Pero sobre todo, el conde de Aranda incidía que esta
fórmula sería capaz de calmar los alborotados ánimos de los habitantes de las
colonias, tanto si eran españoles de nacimiento, como nacidos en el Nuevo
Continente, o nativo de aquellas zonas, pues no era casualidad que todos
estuvieran muy a disgusto con la situación que se atravesaba y con las
condiciones en las que se vivía, sintiéndose permanentemente explotados por la
metrópoli, por el gobierno de los virreinatos o por los encomenderos.

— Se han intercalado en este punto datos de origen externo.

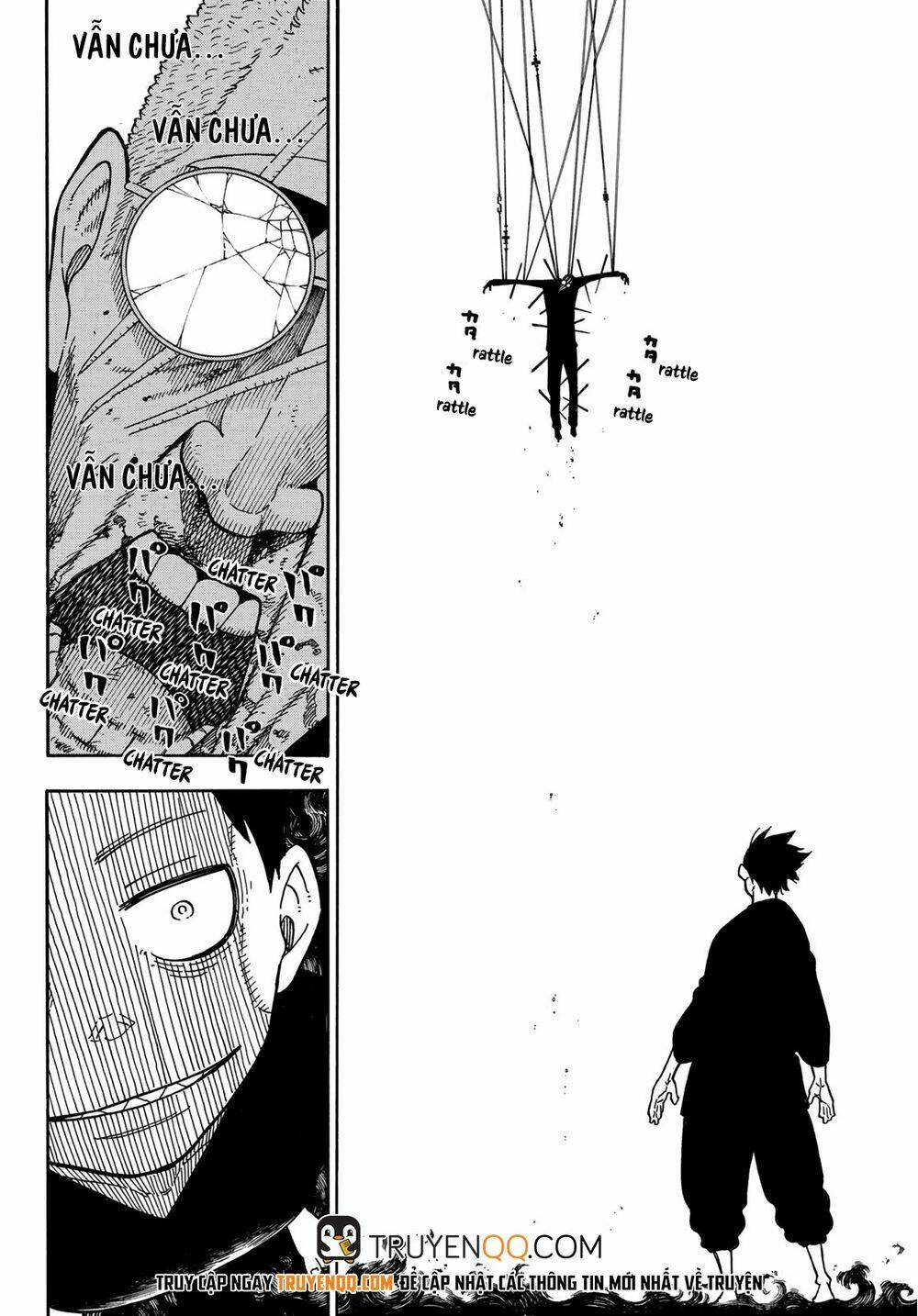 biệt đội lính cứu hỏa chapter 174 9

Lamentablemente este plan, con el que se hubiera
podido atajar la debacle en la que devinieron las Colonias muy poco tiempo después,
no fue solamente rechazado por la corona y los malos consejeros que rodeaban al
rey Carlos III, sino que a la larga, vino en señalar a Aranda como poco
patriota e incluso traidor, lo que provocó su destitución.

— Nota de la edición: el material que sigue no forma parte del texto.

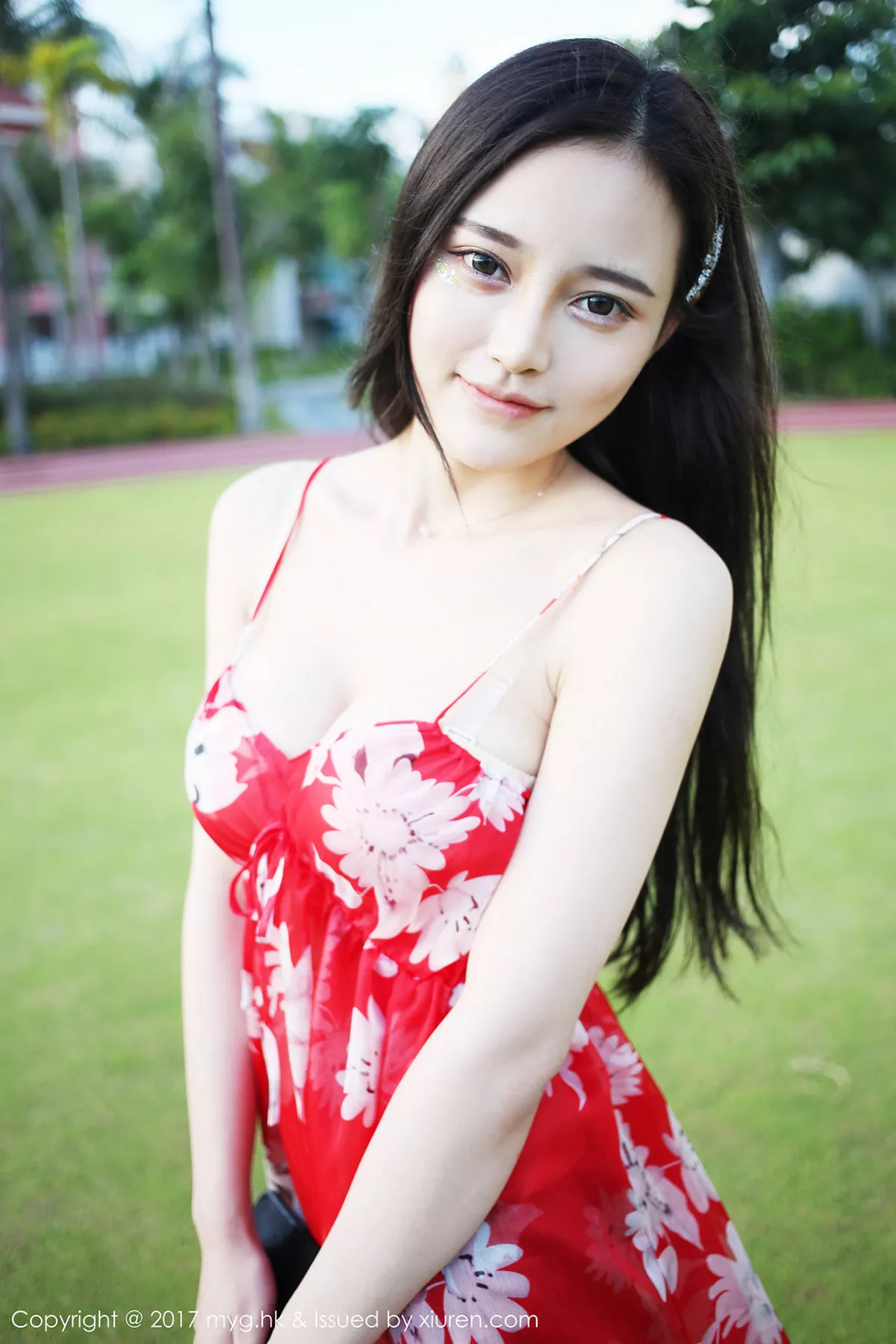 [MyGirl美媛馆]第264期唐琪儿写真 [51P]-002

No estaba tan descaminado el conde porque años
después de su independencia, Méjico llegó a ofrecer la corona del inmenso
imperio Mejicano a Fernando VII, rey de España o cualquier príncipe de la casa
de Borbón.
Pero de manera incomprensible el rey que de “El
Deseado” pasó a ser “El rey Felón”, despreció el ofrecimiento, lo que provocó
que en Méjico se coronara, aunque de manera fugaz, a Agustín Itúrbide, artífice
de la independencia y presidente del primer gobierno provisional, el cual
abdicó meses después dando paso a la República Federal.
Nunca se consideró Aranda ni iluminado ni profético,
solamente un hombre sensato, inteligente y muy culto, al que sus contemporáneos
envidiaban o admiraban y que junto con grandes amigos, tenía también poderosos
enemigos.
De toda esta historia sacamos la conclusión de que el
conde se adelantó al futuro porque cien años después, lo que él vaticinaba,
había ocurrido sobradamente: perdimos todas las posesiones, los Estados Unidos
se convirtieron en una gran potencia que arrebató inmensos territorios a Méjico
y no era casualidad que nuestra última posesión fuera la isla de Cuba, que
también perdimos en 1898.
Ciertamente la figura de Aranda es muy controvertida y creo que más bien cabria decir aquello de que "en el pais de los ciegos el tuerto es el rey".